LOCATION: I spent a ridiculous amount to time trying to figure out where our apartment rental was in relation to the main areas of town. It was really difficult to tell how high up it was and how close it would be to everything. Turns out, it wasn’t marked correctly on Google Maps. HA! I would probably recommend staying in Positano town if it’s your first visit (ie. not in Nocelle or a neighboring village.) This way, everything is within walking/climbing distance and you can get a real feel for the town. Clearly, this town requires a certain amount of mobility. We managed to do it with an 11 month old, 8 + 10 year old — but it would be really challenging for some people.

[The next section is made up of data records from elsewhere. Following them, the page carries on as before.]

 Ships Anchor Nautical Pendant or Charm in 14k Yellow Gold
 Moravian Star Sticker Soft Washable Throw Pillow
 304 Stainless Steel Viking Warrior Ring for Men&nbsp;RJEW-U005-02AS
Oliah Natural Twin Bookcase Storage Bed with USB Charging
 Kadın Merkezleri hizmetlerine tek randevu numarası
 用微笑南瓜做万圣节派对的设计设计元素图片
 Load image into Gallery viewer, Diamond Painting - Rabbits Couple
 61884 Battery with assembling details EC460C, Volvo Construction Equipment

I’d also recommend you bring as little luggage as possible. There’s a great chance that you’ll have to haul it up or down stairs to get to your place (or pay a porter to do it for you). Second, make sure you have a view of the sea. It’s a lovely reward after all the stairs!

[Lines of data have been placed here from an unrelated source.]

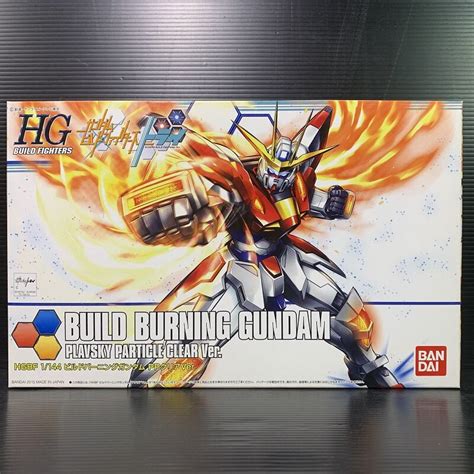 HGBF 1 144 Build Burning Gundam Plavsky Particle Clear Gundam Build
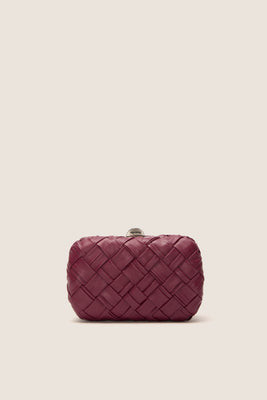 Burgundy Haven Woven Clutch | Tuckernuck (US)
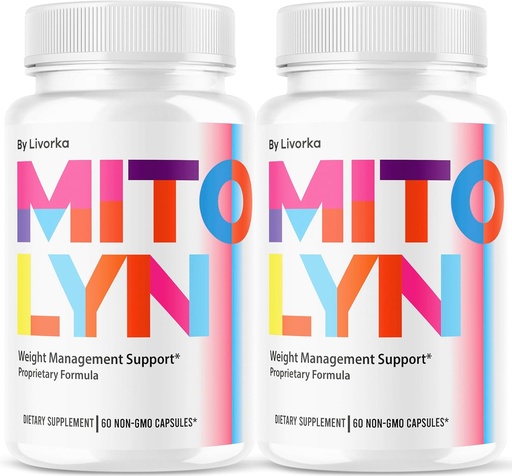 [BRSRAAQRCMMREDTV] (2 Pack) Mitolyn Capsules - Mitolyn, Mitolyn Advanced Formula Pills, Mitolyn Supplement, Mito Lyn, Mito Lyn Pills, Mitolyn Support, Mitolyn Pill, Mitolyn Supplement Pills, 120 Capsules for 2 Months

LODGING: I never bother looking at hotels because most can’t fit our family, so I spent hours perusing Airbnb, VRBO, Summer In Italy, Owner Direct, etc. until I managed to find a place. I would link to the apartment we stayed in, but it’s no longer listed. 🙁 Either way, know that Positano books up quickly during the high (summer) season, so it’s important to book as early as possible! 

FOOD: I made a list of restaurant recommendations prior to leaving and we barely made a dent in it! In the end, we had many of our meals at the beach (Da Adolfo or Da Ferdinando). We ate at Saraceno d’Oro a few times, as it was closest to our rental. Or we kept it simple and picked up mozzarella, bread and tomatoes from the deli and picnicked on our large terrace. Needless to say, we ate well the whole time, even if it wasn’t as I’d expected. (Restaurants on my list: Da Vicenzo, Il Puppeto, Bucca di Bacco, Bar Bruno, Bar Mulino Verde, La Tre Sorelle, the restaurant at il San Pietro, La Tonnarella, La Sponda, Saraceno D’Oro, Cove dei Saraceno, Le Sirenuse, Next2, La Tagliata, Donna Rosa, and La Terra.

KIDS: My children loved Positano. Some of this was because they had friends to play with, but I genuinely believe they enjoyed it for all the same reasons we did. Italy is truly one of the best places to take kids. Italians are so friendly and children are welcome everywhere. Plus, most kids love Italian food. There’s swimming, boats, cliffs to jump off of, gelato, grottos, etc. Sure they grumbled at first about the stairs but soon it became a fun challenge to see who could get to the top first. Like everything, it’s just a matter of getting used to something different. Besides, children are smart — they can sense the mystique and magic just as much as their parents. Sometimes more! My kids give Positano a double thumbs up and are also longing to go back. 


You’ll often hear Positano being called the Jewel of the Amalfi Coast, and rightly so. From the sweeping views of the Tyrrhenian Sea, to the gorgeous and colorful houses perched on the cliffs, to the bougainvillea and ivy covered walls, to the endless, winding stairs that weave through this vertical town — it’s truly hard to beat. There were multiple times where I felt like I’d been plopped into a 1960’s Italian film where beauty abounds and everything is insanely chic and sexy but at the same time deceptively simple. I think Italians have mastered that “un certo non so che.” (ie. Je ne sais quoi!



Perhaps John Steinbeck said it best,

Positano bites deep. It is a dream place that isn’t quite real when you are there and becomes beckoningly real after you have gone. Its houses climb a hill so steep it would be a cliff except that stairs are cut in it. I believe that whereas most house foundations are vertical, in Positano they are horizontal. The small curving bay of unbelievably blue and green water lips gently on a beach of small pebbles. There is only one narrow street and it does not come down to the water. Everything else is stairs, some of them as steep as ladders. You do not walk to visit a friend, you either climb or slide. Nearly always when you find a place as beautiful as Positano, your impulse is to conceal it.”